両チームのシュート数が14対6、ボール支配率が6割対4割と、データの数値上は横浜Fマリノスが圧倒した天皇杯の準決勝だったが、試合を見た人にとっては鹿島アントラーズの強さばかりが印象に残ったのではないだろうか。

試合の前半は完全に横浜のペース。鹿島は伝統の4-4-2でゾーンをセットするのだが、SBの位置取りが不用意に高く、そのくせマークに行くのかゾーンを埋めるのか曖昧になっていて、横浜に裏のスペースを何度も使われてしまっていた。

横浜は鹿島の守備を研究していて、ウイングの齋藤学やマルティノスがトップ下の前田と連携してポジションを頻繁に変えてマークを外し、1トップの富樫がゾーンの間に降りて基点となり、何度もサイドから決定機を演出した。

しかし鹿島はフリーでシュートを打たれそうな場面でも必ず最後まで諦めずに体を投げ出していたため、齋藤や富樫がそれを気にしてシュートを吹かせたり、GK曽ヶ端がシュートのコースを読みやすくする効果が出ていた。

逆に、前半41分に柴崎のクロスを土居がヘディングで決めた鹿島の先制点では、中澤のポジショニングとGK榎本の予測の甘さが見られ、ここぞという場面での守備の集中力、経験で鹿島が横浜をはっきりと上回っていた。この辺は、クラブW杯で世界と戦った上での経験がものを言ったところだろう。

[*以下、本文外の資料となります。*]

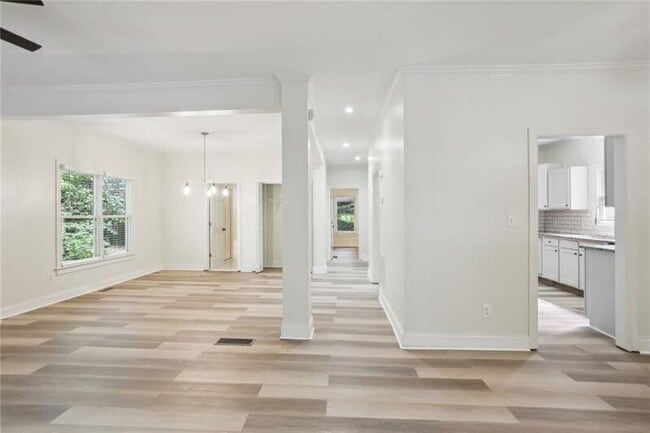 Building Photo - 2640 Oakdale St NW Rental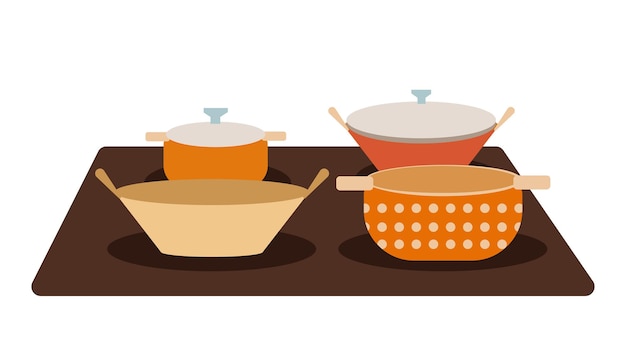 Кастрюля и сковорода на плите Подготовка еды и кипящей воды в кастрюле и чайнике с паром на кухне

それは攻撃のディテールでも違いが見られ、横浜は攻め込んでいるんだけど、ドリブルからシュート、パスからクロスと最後の2プレイが狭く短く単調で、鹿島にとっては読みやすい攻撃になっていたのに対し、鹿島の2ゴールはボールを奪ってから躊躇なく走る柴崎に長いボールが渡り、そこからダイレクトで決めたもので、展開が大きく早い攻撃に横浜の守備が戻りきれてないうちに攻め切っていた。

何より印象的だったのは、試合が終わった後の鹿島の選手に、まるで負けてしまったかのごとく笑顔が見られなかった点である。再びクラブW杯でレアルにリベンジを果たすまでは、こんなところで躓いているわけにはいかない、天皇杯でさえ単なる通過点に見なしてしまう彼らの意識の高さや自信が、横浜Fマリノスとの目に見えない大きな差だったのかもしれない。